» **Work task**: Give again, word for word, every line in the entries below from the line with "2024 7 Card" up to and including the line with "Sweet Scarlet Bow", and no other line.

[Brief descriptive captions]
· · · · ·

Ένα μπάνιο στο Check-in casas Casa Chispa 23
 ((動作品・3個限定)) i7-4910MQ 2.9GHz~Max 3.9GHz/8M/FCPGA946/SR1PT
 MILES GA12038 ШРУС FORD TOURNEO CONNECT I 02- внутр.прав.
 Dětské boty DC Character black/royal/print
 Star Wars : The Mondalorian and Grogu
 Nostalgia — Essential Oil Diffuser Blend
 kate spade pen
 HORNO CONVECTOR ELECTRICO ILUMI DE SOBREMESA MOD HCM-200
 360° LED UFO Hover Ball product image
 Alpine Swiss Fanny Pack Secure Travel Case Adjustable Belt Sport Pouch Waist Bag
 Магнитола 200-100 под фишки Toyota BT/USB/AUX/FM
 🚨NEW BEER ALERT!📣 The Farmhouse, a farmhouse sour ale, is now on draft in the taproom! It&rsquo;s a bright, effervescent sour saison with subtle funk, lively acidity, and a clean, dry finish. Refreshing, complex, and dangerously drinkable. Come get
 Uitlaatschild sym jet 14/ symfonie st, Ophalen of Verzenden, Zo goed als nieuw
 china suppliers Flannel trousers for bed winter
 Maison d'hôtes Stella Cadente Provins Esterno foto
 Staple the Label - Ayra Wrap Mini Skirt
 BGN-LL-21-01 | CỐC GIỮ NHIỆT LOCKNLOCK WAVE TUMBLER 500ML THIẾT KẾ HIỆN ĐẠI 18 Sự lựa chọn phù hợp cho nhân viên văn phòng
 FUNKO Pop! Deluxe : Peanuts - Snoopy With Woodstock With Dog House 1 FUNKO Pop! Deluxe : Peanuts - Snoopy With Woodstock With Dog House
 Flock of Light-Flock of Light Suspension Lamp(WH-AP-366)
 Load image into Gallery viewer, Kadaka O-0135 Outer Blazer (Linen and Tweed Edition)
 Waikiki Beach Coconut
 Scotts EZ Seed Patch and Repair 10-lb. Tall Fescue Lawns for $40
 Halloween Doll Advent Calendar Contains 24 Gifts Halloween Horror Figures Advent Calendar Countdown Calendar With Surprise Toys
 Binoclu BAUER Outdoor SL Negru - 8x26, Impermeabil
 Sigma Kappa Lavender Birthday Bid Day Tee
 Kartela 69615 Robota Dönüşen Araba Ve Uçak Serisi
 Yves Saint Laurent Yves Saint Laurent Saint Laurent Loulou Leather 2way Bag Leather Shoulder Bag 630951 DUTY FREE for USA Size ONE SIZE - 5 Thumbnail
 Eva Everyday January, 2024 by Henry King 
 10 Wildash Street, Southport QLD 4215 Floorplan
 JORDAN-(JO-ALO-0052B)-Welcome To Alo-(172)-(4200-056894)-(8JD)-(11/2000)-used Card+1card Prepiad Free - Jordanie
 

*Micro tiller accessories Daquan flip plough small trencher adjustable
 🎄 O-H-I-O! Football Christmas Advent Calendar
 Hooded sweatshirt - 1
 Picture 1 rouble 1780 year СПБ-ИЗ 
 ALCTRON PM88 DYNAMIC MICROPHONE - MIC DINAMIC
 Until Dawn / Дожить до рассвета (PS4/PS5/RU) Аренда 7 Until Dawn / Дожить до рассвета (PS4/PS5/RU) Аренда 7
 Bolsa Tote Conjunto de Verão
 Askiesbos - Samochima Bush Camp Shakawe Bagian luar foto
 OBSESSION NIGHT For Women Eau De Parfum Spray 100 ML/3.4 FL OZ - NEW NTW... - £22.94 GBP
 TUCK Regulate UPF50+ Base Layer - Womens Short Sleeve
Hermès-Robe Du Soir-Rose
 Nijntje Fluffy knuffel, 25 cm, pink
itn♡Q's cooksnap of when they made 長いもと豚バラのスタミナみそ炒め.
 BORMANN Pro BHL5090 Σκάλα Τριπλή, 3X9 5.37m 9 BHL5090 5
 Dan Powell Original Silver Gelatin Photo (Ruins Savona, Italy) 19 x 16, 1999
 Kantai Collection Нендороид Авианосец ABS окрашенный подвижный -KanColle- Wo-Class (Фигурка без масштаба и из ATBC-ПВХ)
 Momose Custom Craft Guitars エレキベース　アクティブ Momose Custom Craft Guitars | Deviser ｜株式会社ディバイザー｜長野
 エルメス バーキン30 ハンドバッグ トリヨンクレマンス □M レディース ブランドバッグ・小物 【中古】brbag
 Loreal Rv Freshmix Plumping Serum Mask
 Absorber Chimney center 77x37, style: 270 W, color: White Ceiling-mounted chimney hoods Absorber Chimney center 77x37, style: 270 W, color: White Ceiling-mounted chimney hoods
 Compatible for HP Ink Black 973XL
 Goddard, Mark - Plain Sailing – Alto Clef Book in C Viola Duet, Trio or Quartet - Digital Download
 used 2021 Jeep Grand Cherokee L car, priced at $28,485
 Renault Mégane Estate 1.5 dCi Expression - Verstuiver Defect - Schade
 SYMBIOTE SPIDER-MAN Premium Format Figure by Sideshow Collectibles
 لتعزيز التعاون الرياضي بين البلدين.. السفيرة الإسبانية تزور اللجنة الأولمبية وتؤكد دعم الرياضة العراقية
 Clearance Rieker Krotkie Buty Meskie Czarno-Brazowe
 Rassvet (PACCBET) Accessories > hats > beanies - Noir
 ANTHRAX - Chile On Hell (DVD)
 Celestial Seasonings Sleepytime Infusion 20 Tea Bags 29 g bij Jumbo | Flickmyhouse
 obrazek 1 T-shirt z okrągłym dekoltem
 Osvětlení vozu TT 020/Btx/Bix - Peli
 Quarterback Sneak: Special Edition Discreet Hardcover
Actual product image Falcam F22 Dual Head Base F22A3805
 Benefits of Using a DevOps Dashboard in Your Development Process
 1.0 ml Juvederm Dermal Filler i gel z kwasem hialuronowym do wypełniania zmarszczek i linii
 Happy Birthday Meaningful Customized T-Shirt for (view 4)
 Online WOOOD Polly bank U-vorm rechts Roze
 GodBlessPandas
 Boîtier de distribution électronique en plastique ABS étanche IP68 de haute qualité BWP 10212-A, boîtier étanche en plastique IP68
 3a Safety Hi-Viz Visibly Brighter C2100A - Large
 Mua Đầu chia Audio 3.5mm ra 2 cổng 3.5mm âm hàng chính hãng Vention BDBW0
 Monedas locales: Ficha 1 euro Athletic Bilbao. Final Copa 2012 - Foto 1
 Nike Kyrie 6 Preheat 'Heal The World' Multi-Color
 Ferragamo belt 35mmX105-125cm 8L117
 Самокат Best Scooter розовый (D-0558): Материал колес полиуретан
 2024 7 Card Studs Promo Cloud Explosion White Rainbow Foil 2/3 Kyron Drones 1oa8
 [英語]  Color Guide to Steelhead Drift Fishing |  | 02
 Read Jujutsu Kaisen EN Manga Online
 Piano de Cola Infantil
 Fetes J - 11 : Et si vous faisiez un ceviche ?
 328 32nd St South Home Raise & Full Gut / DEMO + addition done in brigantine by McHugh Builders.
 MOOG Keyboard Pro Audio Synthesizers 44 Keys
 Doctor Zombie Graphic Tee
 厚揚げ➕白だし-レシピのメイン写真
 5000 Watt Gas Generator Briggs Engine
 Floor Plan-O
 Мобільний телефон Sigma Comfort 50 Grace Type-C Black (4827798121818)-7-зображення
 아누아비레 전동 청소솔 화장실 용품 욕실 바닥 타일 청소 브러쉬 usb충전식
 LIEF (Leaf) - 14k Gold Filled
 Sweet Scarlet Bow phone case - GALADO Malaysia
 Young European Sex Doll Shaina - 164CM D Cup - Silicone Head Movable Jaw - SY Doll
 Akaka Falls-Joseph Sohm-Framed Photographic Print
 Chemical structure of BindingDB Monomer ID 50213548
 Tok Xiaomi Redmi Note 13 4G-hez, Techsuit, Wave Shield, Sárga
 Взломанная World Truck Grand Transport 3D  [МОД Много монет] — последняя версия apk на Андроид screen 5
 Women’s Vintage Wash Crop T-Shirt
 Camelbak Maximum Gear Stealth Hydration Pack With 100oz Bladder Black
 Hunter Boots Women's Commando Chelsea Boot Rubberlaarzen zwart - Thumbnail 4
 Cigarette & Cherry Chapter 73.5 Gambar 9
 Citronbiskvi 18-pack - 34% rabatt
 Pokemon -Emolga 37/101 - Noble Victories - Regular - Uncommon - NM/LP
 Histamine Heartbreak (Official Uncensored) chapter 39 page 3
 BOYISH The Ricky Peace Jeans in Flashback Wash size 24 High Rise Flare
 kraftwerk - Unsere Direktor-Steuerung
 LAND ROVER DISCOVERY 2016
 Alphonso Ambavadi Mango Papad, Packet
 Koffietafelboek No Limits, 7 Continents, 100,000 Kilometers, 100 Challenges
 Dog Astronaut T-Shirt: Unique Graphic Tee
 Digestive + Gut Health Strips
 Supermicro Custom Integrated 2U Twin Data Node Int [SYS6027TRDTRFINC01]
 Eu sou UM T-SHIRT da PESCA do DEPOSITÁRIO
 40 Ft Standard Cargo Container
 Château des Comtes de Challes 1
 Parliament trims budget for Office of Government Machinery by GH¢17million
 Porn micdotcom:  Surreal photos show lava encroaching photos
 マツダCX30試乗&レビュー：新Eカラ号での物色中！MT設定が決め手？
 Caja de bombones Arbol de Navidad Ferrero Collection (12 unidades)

· · · · ·

» **Exercise response**:
 2024 7 Card Studs Promo Cloud Explosion White Rainbow Foil 2/3 Kyron Drones 1oa8
 [英語]  Color Guide to Steelhead Drift Fishing |  | 02
 Read Jujutsu Kaisen EN Manga Online
 Piano de Cola Infantil
 Fetes J - 11 : Et si vous faisiez un ceviche ?
 328 32nd St South Home Raise & Full Gut / DEMO + addition done in brigantine by McHugh Builders.
 MOOG Keyboard Pro Audio Synthesizers 44 Keys
 Doctor Zombie Graphic Tee
 厚揚げ➕白だし-レシピのメイン写真
 5000 Watt Gas Generator Briggs Engine
 Floor Plan-O
 Мобільний телефон Sigma Comfort 50 Grace Type-C Black (4827798121818)-7-зображення
 아누아비레 전동 청소솔 화장실 용품 욕실 바닥 타일 청소 브러쉬 usb충전식
 LIEF (Leaf) - 14k Gold Filled
 Sweet Scarlet Bow phone case - GALADO Malaysia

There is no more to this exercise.